Jazz has emerged as the lost music of the 20th century. It has been out of the mainstream since the late 1960s. It requires more musicianship, more musicians, and more study than any other genre, which sucks, cause as musicians people are taking more shortcuts than ever. There are no shortcuts in jazz, not in studying it, playing it, or listening to it. Those of us who follow jazz might as well be anthropologists, examining the past and looking for dusty, forgotten relics that are worth their weight in aural gold.
The release of Austin Peralta’s Endless Planets on the Brainfeeder branch of Ninja Tune records comes as somewhat of a shock. Ninja Tune, known for its forays in jazz with releases from Cinematic Orchestra, Jaga Jazzist, and 9 Lazy 9 has allowed Brainfeeder to release a little known solo jazz pianist into the wild.

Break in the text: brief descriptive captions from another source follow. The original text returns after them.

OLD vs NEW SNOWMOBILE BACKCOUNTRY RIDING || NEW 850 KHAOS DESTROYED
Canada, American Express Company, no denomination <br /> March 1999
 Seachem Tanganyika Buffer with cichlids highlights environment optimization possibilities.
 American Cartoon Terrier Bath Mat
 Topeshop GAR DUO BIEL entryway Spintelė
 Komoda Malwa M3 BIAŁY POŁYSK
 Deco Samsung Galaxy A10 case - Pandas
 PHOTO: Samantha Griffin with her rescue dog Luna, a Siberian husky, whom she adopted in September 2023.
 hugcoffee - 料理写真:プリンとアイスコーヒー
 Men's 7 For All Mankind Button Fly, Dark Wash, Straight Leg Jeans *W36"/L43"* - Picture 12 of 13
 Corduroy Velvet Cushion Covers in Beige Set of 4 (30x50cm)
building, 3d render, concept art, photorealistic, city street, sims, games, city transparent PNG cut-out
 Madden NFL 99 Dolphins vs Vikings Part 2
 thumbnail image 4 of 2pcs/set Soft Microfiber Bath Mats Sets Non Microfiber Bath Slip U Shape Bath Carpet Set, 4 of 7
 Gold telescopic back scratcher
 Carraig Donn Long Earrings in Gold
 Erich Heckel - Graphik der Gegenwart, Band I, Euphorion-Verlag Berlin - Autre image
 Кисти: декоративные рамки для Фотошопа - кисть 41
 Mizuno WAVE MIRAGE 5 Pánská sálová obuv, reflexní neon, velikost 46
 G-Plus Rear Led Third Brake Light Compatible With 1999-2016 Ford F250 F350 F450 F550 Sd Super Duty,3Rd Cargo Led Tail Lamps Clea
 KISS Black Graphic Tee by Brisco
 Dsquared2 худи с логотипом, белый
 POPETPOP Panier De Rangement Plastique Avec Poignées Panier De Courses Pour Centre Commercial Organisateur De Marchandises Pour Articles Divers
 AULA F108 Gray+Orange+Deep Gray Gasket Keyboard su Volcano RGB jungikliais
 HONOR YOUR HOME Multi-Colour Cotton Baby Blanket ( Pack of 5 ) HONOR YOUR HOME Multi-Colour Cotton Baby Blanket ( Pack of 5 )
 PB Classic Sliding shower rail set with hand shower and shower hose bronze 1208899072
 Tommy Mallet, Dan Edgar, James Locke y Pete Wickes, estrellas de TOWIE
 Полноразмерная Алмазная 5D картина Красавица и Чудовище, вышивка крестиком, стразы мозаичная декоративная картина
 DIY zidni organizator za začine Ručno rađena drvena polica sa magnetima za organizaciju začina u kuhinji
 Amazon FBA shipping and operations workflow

Then again, Peralta has already been in the wild. Still below drinking age, he has played with some of the greats (Chick Corea and Hank Jones), toured internationally at 16, and already played jazz festivals in Tokyo and Java. Outside of the jazz world, he has collaborated with greats like Flying Lotus and Erykah Badu. Youthful talent can be kickstarted by a day in the spotlight and a little bit of faith.
Released in February 2011, Endless Planets lacks the clumsiness or convention of a young musician. It touches on fifty years of jazz history with aplomb. Make no mistake: This is heavy music. Capricornus is an exercise of 60s free jazz, the jamming freedom tempered down for the record but bursting at the seams. Ode to Love allows the rest of his band to take the spotlight with multiple solos for the sax players. The 13 minute epic Algiers feels in place with the African rhythms of jazz that were popularized by Yusef Lateef and Randy Weston. The melodies careen across a thumping bassline, staccato piano notes tugging against seductive sax lines. The record fades into a blissful digital bubble bath provided by Strangeloop and the Cinematic Orchestra, electronic water to cool you off from forty minutes of fire.
If anything, this record is the sign of the times. Jazz is back and young again. Count us in the revolution.